= Task to carry out =
In the records below, find the line with "Casa com piscina", then copy each line exactly until you have copied the line with "マルエツ - maruetsu". Leave any picture out.

[Opening The data section]

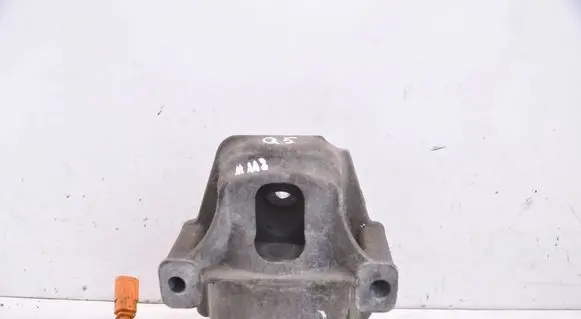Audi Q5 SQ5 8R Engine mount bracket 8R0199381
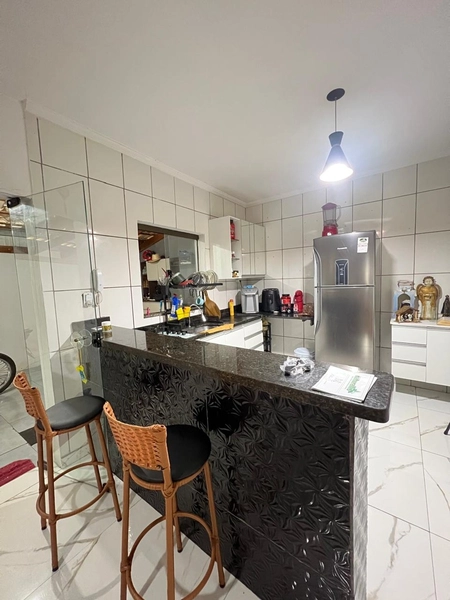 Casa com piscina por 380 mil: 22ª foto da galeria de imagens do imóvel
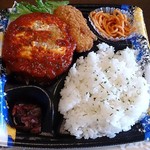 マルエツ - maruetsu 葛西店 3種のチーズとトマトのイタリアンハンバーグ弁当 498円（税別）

[Closing The data section]
[Opening The data section]

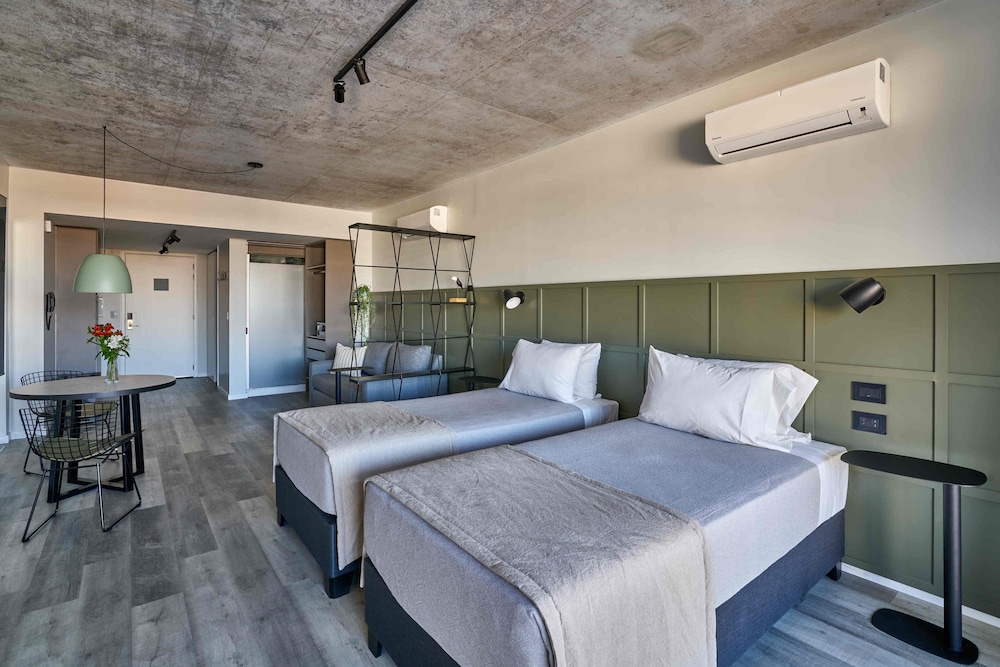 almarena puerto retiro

[Closing The data section]

= Exercise answer =
 Casa com piscina por 380 mil: 22ª foto da galeria de imagens do imóvel
 マルエツ - maruetsu 葛西店 3種のチーズとトマトのイタリアンハンバーグ弁当 498円（税別）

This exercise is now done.